> What the task requires
Across the entries below, tally every line that holds the word "Bucket". Give only the tally.

[Web page caption snippets]
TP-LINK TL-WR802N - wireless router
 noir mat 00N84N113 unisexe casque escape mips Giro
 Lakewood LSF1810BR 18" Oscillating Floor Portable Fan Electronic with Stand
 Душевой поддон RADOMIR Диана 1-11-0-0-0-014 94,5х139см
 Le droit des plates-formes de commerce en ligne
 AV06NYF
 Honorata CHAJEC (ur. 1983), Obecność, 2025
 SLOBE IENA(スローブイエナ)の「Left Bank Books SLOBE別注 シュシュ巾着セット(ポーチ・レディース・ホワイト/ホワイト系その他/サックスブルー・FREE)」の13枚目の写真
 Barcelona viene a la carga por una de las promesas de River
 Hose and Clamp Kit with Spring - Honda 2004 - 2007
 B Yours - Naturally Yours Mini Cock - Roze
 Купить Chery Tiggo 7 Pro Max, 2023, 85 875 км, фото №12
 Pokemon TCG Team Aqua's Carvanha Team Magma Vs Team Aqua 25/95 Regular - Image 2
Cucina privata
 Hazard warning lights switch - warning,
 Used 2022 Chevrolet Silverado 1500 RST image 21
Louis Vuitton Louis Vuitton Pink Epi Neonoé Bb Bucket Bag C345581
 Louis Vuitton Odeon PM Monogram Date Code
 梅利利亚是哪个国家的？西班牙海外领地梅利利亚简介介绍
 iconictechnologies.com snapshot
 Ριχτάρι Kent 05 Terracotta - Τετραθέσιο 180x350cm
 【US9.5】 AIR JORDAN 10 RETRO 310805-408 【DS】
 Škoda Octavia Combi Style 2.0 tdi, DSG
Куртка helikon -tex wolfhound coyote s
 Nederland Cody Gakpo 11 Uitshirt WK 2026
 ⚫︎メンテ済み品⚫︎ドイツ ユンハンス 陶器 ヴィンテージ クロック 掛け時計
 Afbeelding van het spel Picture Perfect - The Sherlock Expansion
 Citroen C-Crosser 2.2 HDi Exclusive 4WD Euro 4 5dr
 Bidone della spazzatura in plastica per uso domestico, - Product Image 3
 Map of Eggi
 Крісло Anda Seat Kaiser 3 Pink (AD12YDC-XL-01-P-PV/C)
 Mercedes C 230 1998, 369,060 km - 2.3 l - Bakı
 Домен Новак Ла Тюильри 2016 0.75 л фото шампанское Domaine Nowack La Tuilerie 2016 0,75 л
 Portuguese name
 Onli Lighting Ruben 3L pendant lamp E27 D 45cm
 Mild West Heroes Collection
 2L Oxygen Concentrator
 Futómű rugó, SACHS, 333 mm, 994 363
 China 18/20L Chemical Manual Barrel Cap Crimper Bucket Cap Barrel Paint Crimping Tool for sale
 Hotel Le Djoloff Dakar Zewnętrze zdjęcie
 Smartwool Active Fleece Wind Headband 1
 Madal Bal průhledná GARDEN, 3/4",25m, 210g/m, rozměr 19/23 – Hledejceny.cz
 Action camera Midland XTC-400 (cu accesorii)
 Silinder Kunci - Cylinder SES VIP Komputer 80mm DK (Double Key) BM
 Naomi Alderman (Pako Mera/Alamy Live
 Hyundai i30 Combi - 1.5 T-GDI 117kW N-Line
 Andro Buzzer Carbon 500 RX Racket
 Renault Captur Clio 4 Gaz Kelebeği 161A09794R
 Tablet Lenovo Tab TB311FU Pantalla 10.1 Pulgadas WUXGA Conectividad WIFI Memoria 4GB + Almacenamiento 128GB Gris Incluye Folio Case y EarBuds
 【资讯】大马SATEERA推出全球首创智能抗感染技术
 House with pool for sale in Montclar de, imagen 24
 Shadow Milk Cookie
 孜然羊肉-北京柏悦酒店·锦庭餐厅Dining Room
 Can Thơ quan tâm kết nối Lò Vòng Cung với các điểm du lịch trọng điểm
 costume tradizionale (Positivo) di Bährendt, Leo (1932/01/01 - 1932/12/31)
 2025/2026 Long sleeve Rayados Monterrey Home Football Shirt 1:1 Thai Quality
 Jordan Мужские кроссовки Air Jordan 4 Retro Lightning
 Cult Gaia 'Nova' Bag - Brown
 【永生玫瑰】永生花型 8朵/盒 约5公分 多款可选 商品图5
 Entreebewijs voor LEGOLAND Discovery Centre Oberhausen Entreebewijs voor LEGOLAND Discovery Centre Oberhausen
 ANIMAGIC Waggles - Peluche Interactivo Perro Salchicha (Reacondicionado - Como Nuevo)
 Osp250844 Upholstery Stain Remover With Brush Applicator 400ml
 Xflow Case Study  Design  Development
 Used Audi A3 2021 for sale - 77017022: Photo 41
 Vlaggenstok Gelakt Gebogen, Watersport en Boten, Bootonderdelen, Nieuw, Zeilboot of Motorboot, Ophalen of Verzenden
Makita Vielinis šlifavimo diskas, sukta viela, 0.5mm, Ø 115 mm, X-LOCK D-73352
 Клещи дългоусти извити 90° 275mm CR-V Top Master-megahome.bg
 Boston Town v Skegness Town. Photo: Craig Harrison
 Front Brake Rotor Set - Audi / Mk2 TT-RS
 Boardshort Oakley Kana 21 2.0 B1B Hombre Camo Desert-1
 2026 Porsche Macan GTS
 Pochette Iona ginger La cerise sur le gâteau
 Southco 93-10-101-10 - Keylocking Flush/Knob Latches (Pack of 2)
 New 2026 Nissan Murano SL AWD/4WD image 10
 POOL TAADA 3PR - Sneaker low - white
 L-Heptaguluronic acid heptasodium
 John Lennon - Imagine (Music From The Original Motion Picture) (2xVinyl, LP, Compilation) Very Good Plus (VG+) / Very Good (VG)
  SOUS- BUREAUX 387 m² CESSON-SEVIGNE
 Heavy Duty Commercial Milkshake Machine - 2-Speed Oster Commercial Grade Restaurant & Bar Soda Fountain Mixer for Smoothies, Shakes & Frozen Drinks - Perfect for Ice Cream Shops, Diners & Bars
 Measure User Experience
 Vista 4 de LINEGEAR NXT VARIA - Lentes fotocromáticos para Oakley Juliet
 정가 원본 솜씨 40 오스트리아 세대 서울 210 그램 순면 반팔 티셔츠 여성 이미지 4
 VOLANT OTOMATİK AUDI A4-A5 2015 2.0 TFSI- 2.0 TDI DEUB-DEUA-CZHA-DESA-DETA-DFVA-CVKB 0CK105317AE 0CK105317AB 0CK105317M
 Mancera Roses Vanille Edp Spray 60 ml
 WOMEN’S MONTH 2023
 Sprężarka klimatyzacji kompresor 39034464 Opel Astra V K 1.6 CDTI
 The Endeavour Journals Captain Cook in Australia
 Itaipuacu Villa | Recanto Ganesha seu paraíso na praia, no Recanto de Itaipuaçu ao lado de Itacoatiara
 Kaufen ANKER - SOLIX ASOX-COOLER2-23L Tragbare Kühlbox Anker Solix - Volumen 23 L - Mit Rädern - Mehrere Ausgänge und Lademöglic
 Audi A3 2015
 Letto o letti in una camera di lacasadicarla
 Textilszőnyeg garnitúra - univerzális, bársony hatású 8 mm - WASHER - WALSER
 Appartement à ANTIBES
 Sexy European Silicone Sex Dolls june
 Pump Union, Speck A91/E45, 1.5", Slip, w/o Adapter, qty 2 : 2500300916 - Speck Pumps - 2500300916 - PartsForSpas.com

> Exercise result
2